Information shown:
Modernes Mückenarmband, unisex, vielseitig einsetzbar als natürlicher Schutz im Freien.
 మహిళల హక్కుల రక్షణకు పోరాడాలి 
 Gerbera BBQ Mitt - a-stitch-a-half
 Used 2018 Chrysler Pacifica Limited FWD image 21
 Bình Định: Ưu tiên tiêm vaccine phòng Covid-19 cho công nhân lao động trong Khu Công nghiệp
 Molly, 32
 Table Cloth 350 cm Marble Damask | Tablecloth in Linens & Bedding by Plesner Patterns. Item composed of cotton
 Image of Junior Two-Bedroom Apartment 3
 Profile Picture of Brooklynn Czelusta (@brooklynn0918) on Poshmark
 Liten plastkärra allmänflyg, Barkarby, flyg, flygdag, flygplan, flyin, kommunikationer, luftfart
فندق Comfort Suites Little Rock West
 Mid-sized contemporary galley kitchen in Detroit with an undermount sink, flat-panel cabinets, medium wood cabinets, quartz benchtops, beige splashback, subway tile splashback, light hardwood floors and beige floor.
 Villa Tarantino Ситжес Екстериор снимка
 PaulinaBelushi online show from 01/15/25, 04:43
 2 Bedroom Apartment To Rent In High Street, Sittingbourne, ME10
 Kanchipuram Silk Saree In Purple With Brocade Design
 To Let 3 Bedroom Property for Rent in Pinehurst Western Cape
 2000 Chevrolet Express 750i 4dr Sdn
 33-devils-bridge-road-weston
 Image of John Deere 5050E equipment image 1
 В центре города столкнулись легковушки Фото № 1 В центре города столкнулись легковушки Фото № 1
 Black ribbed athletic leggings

Required work: Retype, without any change, every line from the one with "Villa Tarantino Ситжес Екстериор снимка" to the bottom of the listing.

Solved problem:
 Villa Tarantino Ситжес Екстериор снимка
 PaulinaBelushi online show from 01/15/25, 04:43
 2 Bedroom Apartment To Rent In High Street, Sittingbourne, ME10
 Kanchipuram Silk Saree In Purple With Brocade Design
 To Let 3 Bedroom Property for Rent in Pinehurst Western Cape
 2000 Chevrolet Express 750i 4dr Sdn
 33-devils-bridge-road-weston
 Image of John Deere 5050E equipment image 1
 В центре города столкнулись легковушки Фото № 1 В центре города столкнулись легковушки Фото № 1
 Black ribbed athletic leggings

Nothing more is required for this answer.